The Court makes no pretense of subjecting Nebraska’s practice of legislative prayer to any of the formal “tests” that have traditionally structured our inquiry under the Establishment Clause. That it fails to do so is, in a sense, a good thing, for it simply confirms that the Court is carving out an exception to the Establishment Clause rather than reshaping Establishment Clause doctrine to accommodate legislative prayer. [My italics-MS] For my purposes, however, I must begin by demonstrating what should be obvious: that, if the Court were to judge legislative prayer through the unsentimental eye of our settled doctrine, it would have to strike it down as a clear violation of the Establishment Clause.

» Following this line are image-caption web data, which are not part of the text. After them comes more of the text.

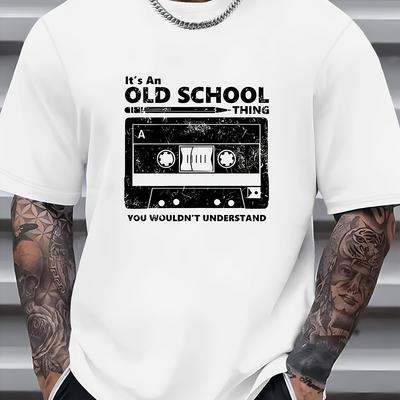 T-shirt Homme Style Rétro Imprimé Old School Manches Courtes Coton pour la Fraîcheur T-shirt Graphique Décontracté T-shirt Oversize Homme T-shirt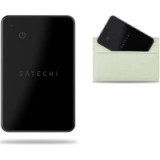 Locator compatible with Apple Find My Satechi Wallet Card shape ST-LFAWCK black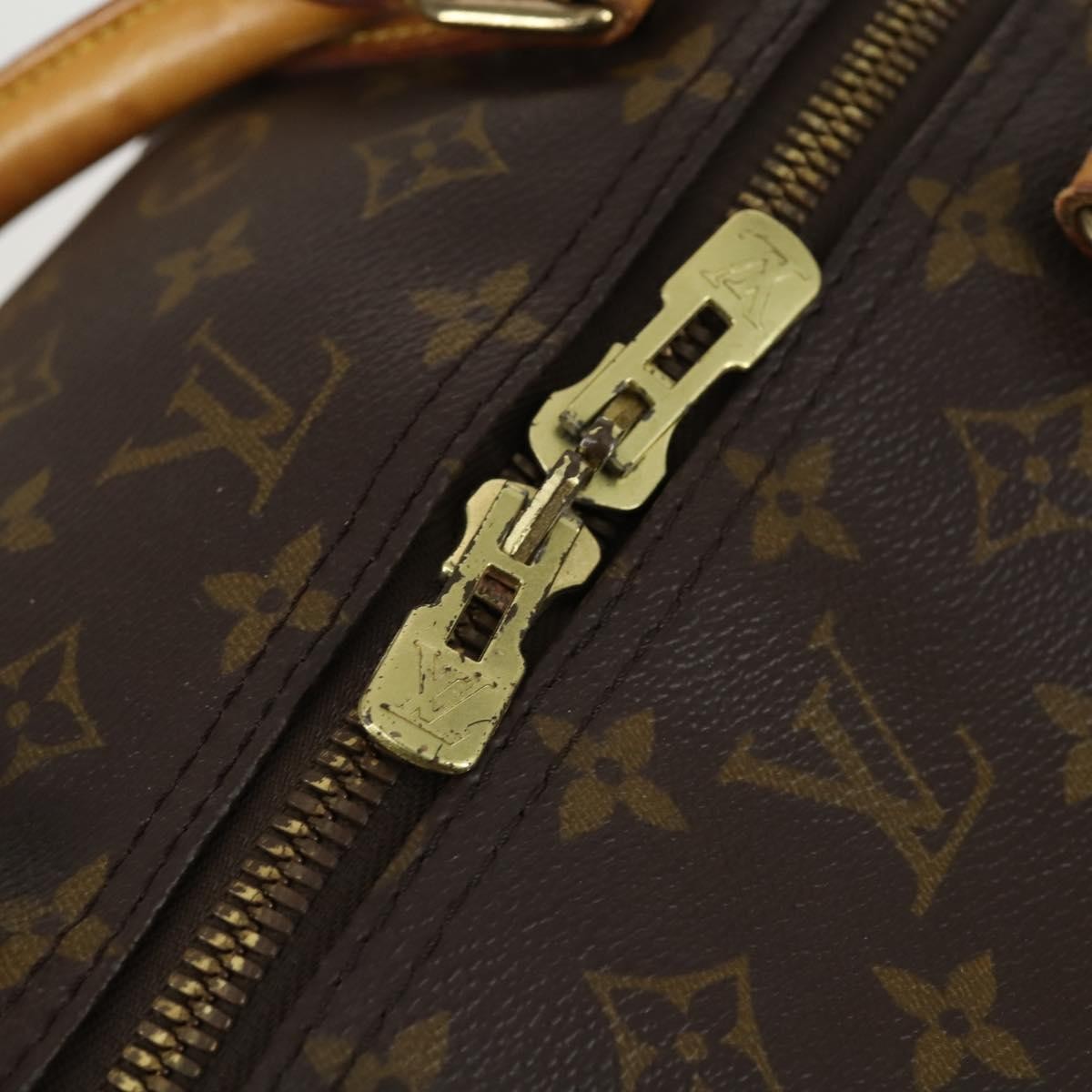 Louis Vuitton Keepall Bag Monogram Canvas, BROWN, CANVAS, Travel bag
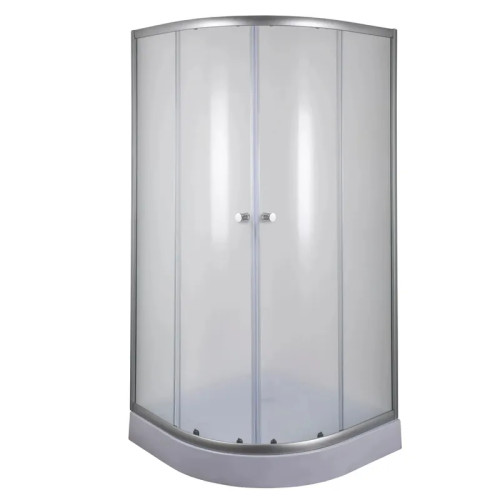 Душова кабіна з низьким піддоном Mixxus PLAIN SCT02-90x90x195-FB SATIN матове скло 4мм (MI6896)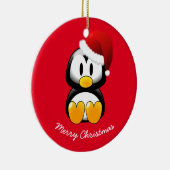 クリスマスオーナメントペンギン セラミックオーナメント (右)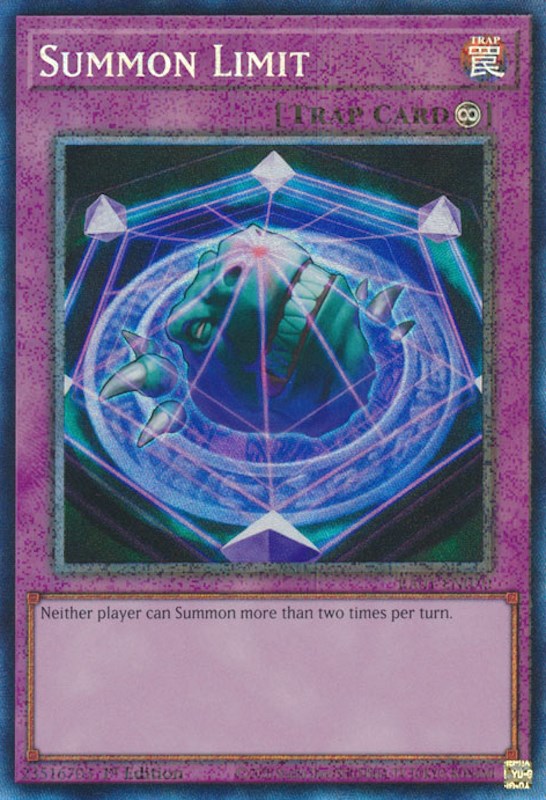 Summon Limit [RA01-EN070] Prismatic Collector's Rare | Amazing Games TCG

He said that unlike in all other political struggles in which the government could be engaged and battle on behalf of one side or another, when it came to matters of religion and the Establishment Clause, strict neutrality was required of the government.
Finally, the principles of separation and neutrality help assure that essentially religious issues, precisely because of their importance and sensitivity, not become the occasion for battle in the political arena. With regard to most issues, the government may be influenced by partisan argument and may act as a partisan itself. In each case, there will be winners and losers in the political battle, and the losers’ most common recourse is the right to dissent and the right to fight the battle again another day. With regard to matters that are essentially religious, however, the Establishment Clause seeks that there should be no political battles, and that no American should at any point feel alienated from his government because that government has declared or acted upon some “official” or “authorized” point of view on a matter of religion.
He quoted the 1968 Epperson v. Arkansas case in support of his claim.
Government in our democracy, state and national, must be neutral in matters of religious theory, doctrine, and practice. It may not be hostile to any religion or to the advocacy of no-religion; and it may not aid, foster, or promote one religion or religious theory against another or even against the militant opposite. The First Amendment mandates governmental neutrality between religion and religion, and between religion and nonreligion.” [My italics-MS]
He went on that the desire to preserve tradition was not a compelling argument for creating an exemption to the requirement of government neutrality in matters of religion.
With the exception of the few lapses I have already noted, each of which is commendably qualified so as to be limited to the facts of this case, the Court says almost nothing contrary to the above analysis. Instead, it holds that “the practice of opening legislative sessions with prayer has become part of the fabric of our society,” and chooses not to interfere. I sympathize with the Court’s reluctance to strike down a practice so prevalent and so ingrained as legislative prayer. I am, however, unconvinced by the Court’s arguments, and cannot shake my conviction that legislative prayer violates both the letter and the spirit of the Establishment Clause.
He went on to say that even the historical argument that the court was using to justify legislative prayer was flawed.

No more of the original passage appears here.